Of the publications on display, there are a number that he regards as particularly important. Here, Hirsch talks us through some of the highlights.
“Corniche” is an anthology of comics from the UAE, commissioned by Sharjah Art Foundation’s Focal Point (the annual art book fair). The publication is the result of a series of workshops led by artist Nassir Nasrallah and includes the work of 15 local artists and illustrators. The title and cover pay homage to the Sharjah Corniche, along which many of Sharjah Art Foundation’s spaces are housed.
This comic, by Emirati author Hamda Saad, narrates the day-to-day encounters of its main protagonist, Shamma, who is promoted to become the head of her department at work. Whilst she is incredibly career-driven, Shamma must navigate the challenges this promotion brings, while maneuvering the realities of her home life. Saad writes in the afterword about the importance of having the story be based on Emirati characters and the cultural challenges behind drawing Emirati national dress.
This story, by Sarah Al-Hazmi, begins when the protagonist is hit by a car and hurtles through the air to then land in a pair of green underpants! A young boy named Fady witnesses the accident and is convinced she is a superhero, eventually becoming her sidekick.

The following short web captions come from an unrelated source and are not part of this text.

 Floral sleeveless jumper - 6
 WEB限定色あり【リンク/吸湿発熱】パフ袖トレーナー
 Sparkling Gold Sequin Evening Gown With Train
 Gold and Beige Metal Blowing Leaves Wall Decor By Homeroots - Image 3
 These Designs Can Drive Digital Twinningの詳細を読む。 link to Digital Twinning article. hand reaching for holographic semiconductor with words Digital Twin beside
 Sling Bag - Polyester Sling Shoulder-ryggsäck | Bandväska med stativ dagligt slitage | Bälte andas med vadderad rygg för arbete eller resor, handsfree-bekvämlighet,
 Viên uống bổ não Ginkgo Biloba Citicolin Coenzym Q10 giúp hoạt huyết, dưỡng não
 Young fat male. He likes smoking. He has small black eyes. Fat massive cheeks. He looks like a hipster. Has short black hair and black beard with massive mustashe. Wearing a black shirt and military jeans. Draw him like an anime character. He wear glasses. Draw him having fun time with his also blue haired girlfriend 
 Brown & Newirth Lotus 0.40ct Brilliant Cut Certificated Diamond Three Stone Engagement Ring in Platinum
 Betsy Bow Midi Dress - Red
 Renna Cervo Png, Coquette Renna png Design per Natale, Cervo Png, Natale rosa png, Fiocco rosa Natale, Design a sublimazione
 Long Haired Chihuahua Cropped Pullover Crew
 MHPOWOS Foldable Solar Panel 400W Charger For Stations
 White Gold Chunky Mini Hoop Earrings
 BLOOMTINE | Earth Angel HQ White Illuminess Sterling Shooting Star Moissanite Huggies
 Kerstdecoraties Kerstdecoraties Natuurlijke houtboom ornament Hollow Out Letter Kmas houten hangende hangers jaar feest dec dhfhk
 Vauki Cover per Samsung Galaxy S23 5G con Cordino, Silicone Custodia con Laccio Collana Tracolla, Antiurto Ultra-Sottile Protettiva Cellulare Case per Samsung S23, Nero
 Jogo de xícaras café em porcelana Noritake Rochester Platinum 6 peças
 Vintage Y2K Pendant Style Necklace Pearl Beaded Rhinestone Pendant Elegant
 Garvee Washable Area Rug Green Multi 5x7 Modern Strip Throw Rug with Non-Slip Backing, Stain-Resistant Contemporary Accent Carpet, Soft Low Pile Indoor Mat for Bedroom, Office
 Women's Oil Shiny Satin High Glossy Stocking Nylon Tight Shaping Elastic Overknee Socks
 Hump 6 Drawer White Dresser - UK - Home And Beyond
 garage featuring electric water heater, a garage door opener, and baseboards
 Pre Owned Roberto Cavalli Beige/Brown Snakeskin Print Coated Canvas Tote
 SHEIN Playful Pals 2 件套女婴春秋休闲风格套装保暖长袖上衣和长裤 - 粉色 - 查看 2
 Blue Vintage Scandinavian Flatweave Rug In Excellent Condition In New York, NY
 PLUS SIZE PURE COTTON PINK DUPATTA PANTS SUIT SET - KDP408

Saudi journalist Mohammed Alshoaiby wrote: “Hijab Girl does not face alien invaders, mechanical monstrosities or genetically-altered bullies, but instead fights against ignorance, apathy and complacency — foes that have proven far more resilient than the efforts of most superheroes.’”
Created by Dr. Naif Al-Mutawa, this series follows a team of superheroes with special powers influenced by the 99 attributes of God in Islam. The comic has had a contentious journey since its inception. On the one hand, it was celebrated with multiple awards and plans of Hollywood adaptation. However, the comics have also faced strong opposition from Islamic conservatives, lawsuits, and even a Twitter hashtag that threatened Dr Naif. Despite these challenges, the series had a far-reaching audience and was translated into eight languages including Arabic, English, Turkish, Spanish and Indonesian. Over 25 issues were published.
‘The Locust Effect’
In his introduction to “The Locust Effect,” Dr. Ahmed Khaled Tawfik writes a beautiful passage on what comics mean to contemporary society: “It is thought that comics can constitute the ninth form of the arts through which cinema, plastic art and literature all come together. It is indeed disheartening that comics are still disregarded in Egyptian society and, as usual, only appreciated by the youth. We need ‘The Locust Effect’ and its storyline more than ever to escape Orwellian media, document justice and absolve our martyrs and their sacrifices and stories.”